What about the amenities a practice might add to differentiate itself? What about the practice décor, or the way patients are greeted, or headsets that pump in relaxing music during treatment? Uy says those elements, what she calls the practice culture, but they’re not why patients schedule an initial visit.

For example, if a patient has a young family and has received a couple of recommendations on dental practices that specialize in pediatrics or family dentistry, the patient will look first at the practice’s capabilities. Does the practice do teeth whitening?

What keeps them coming back, however, is the practice culture.

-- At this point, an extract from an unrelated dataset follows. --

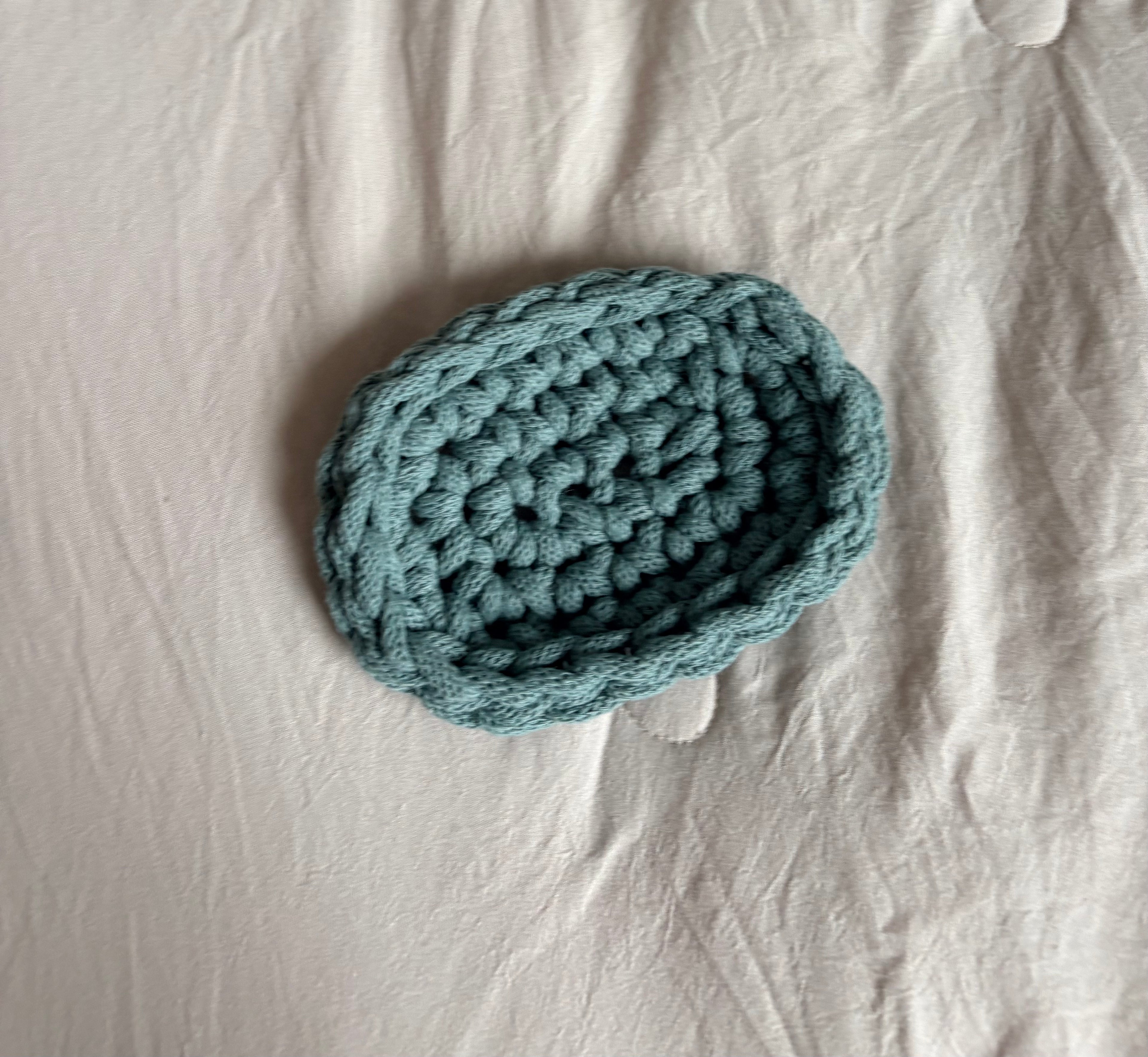 Seifenkissen Gehäkelt Handgemacht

Does the patient feel valued? Does the dentist and staff truly care about their oral health. Is the practice willing to work with the patient even if they’re having financial trouble affording basic dental care?

“That’s where the employer brand comes in,” Uy says. “Is this a doctor who will champion my oral health? Does the whole practice team work together like a well-oiled machine? What’s the patient’s experience within the practice culture? You can’t fake that.”

That’s the alignment that needs to occur for a dentist to stand out. Do the technical capabilities align with the practice culture. If those two elements are not in alignment, Uy says, then “anything we do from digital marketing to traditional advertising and public relations to bring in more patients is only going to throw gasoline on the fire.”


If you really want to set your practice apart, remember that patients often get their referrals from word-of-mouth recommendations given by friends and family. So, for every patient—new or current—who visits the practice, make certain to gather empirical evidence that reviews your practice’s performance. And not just the dentist, but the practice as a whole.

“We work with the practice to make sure they have a review measurement system that is HIPAA compliant, that ties in with their practice management system, texts or emails, and in some cases a phone call, that brings it all together,” Uy says.

And the time to gather patient feedback, Uy adds, is not when they’re sitting in the exam chair, but rather after they’ve gone home and time to reflect on their experience.

“It’s a nice way to let them have time to think, but still close enough to the visit without putting them on the spot,” Uy says.